Brett Gardner is now center of attention for Yankees


Monday, March 9th 2009, 9:40 PM



> TAMPA - The snickering is beginning to subside already. Maybe the idea of Brett Gardner as the Yankees' everyday center fielder is not so crazy, after all.
> 
> Actually, the way he's going, maybe Gardner will hit cleanup during Alex Rodriguez's absence.
> 
> ...


----------



## min0 lee (Mar 10, 2009)

I love his speed and his play in the outfield.

I would take him over Melky any day.


----------



## min0 lee (Mar 10, 2009)

Hughs is pitching better than he is, I still say Joba should be a middle reliever.



> *JOBA JOLT:* Joba Chamberlain makes his third start of the spring tonight, looking for his first good performance. Chamberlain has allowed seven runs over two starts while retiring just three batters, struggling against Team Canada five days ago as he gave up a hit and walked four without getting an out.
> "We want to see progress," Girardi said. "We need him throwing strikes."





> *Mariano Rivera tosses off concerns*
> 
> TAMPA - Mariano Rivera's return to the mound is now just a week away after the closer threw another incident-free bullpen session Monday.
> Rivera, who had shoulder surgery at the end of last season, tossed 30 pitches at what appeared to be full strength, reporting no problems. He will throw batting practice Wednesday and should make his spring debut on Sunday or Monday.
> ...


----------



## min0 lee (Mar 10, 2009)

*A-Rod's Surgery Goes as Planned*
BY KAT O'BRIEN | newday.com
March 9, 2009


> TAMPA, Fla. - The surgery to repair Alex Rodriguez's torn right hip labrum went as planned, said Marc Philippon, the doctor who performed the operation.
> 
> Philippon, in a conference call with reporters, said: "The surgery went exactly as we planned. We will start him on his rehab [Monday] afternoon. There were no surprises -- exactly what we prepared for."
> 
> ...


----------



## soxmuscle (Mar 10, 2009)

min0 lee said:


> I love his speed and his play in the outfield.
> 
> I would take him over Melky any day.



Come on, Mino - He's a fourth or fifth outfielder at best.


----------



## min0 lee (Mar 10, 2009)

soxmuscle said:


> Come on, Mino - He's a fourth or fifth outfielder at best.
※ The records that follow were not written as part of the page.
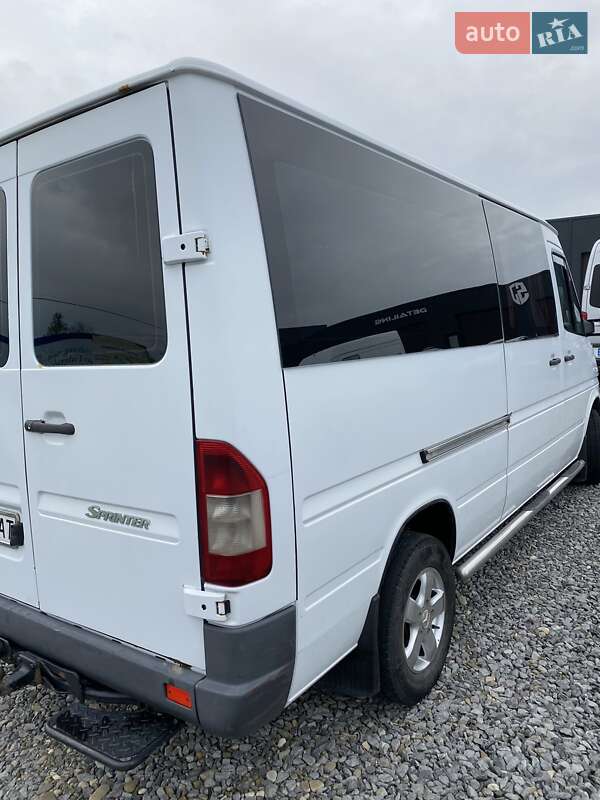 Микроавтобус Mercedes-Benz Sprinter 2004 в Глыбокой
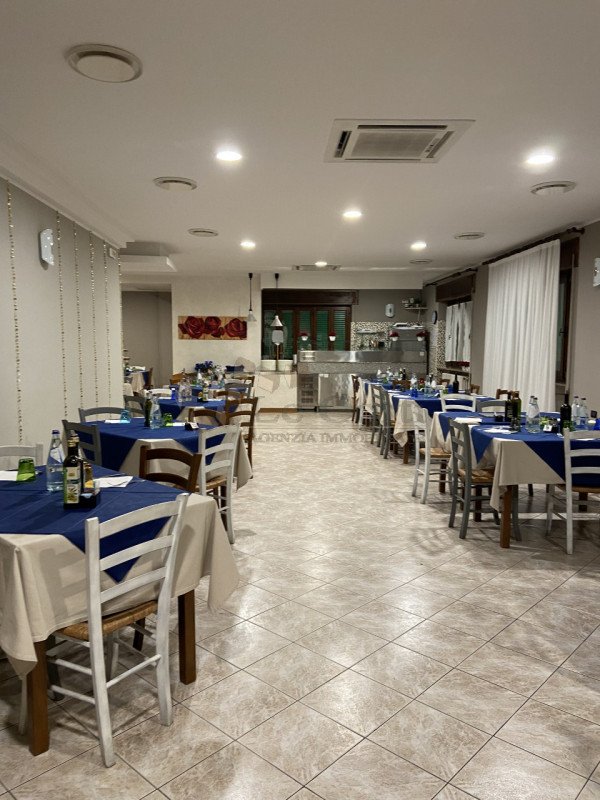 negozio in vendita ad Alonte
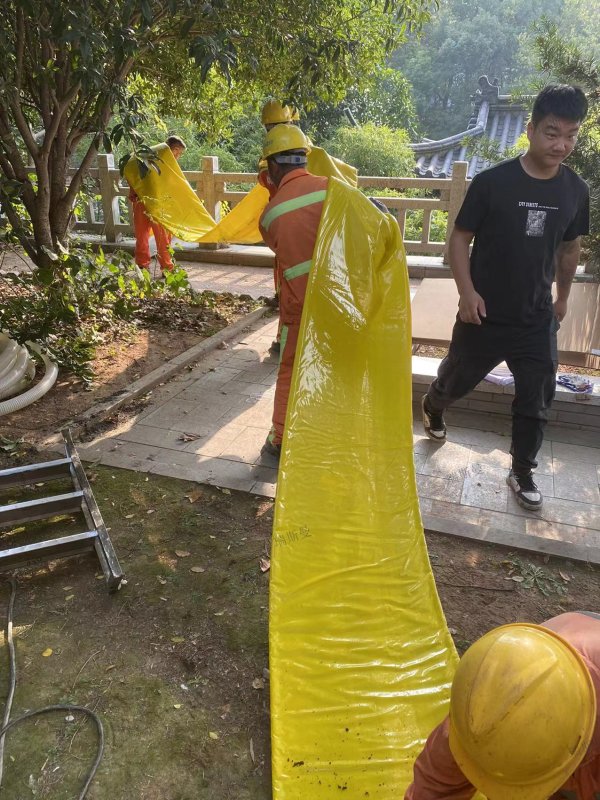 瑞斯曼新材料施工現場
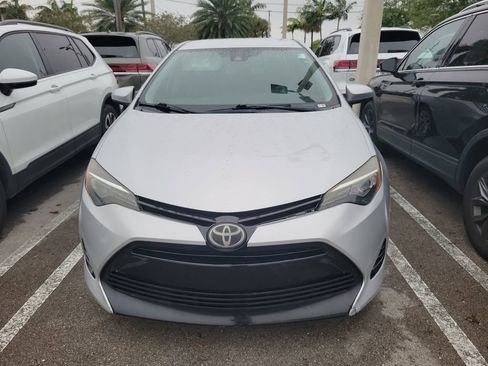 Used 2017 Toyota Corolla LE image 4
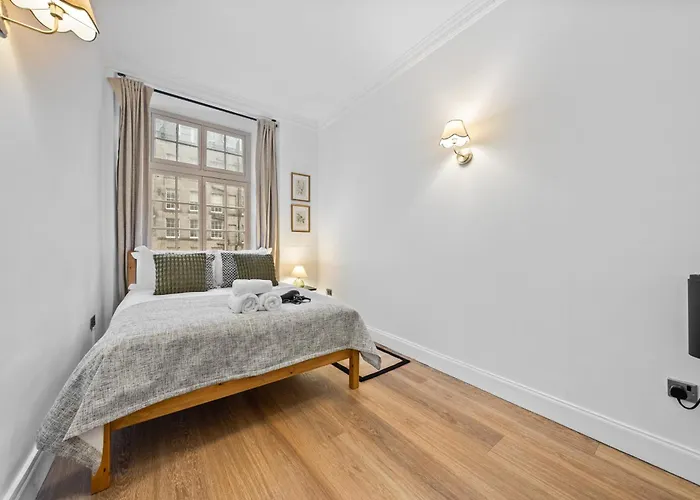 Burnets Close 2 Bedroom - * Edinburgh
He is the second coming of Mantle.

Right......but who is he competing against.

Damon has no arm, Melky is OK but I prefer Gardner.


----------



## soxmuscle (Mar 10, 2009)

soxmuscle said:


> I agree, Iain.
> 
> 6-9 weeks is laughable.
> 
> Typical Yankees - Originally the Yankees came out and said that it was a cyst that Rodriguez would be able to play through before having surgery next offseason.  Two weeks later and he's out for 6-9 weeks?  I don't buy it.



Doug Melvin agrees with us, Iain.

***

_Milwaukee Journal-Sentinel - _Brewers manager Doug Melvin says that the Yankees haven't called him about acquiring an infielder in the wake of Alex Rodriguez's hip surgery. 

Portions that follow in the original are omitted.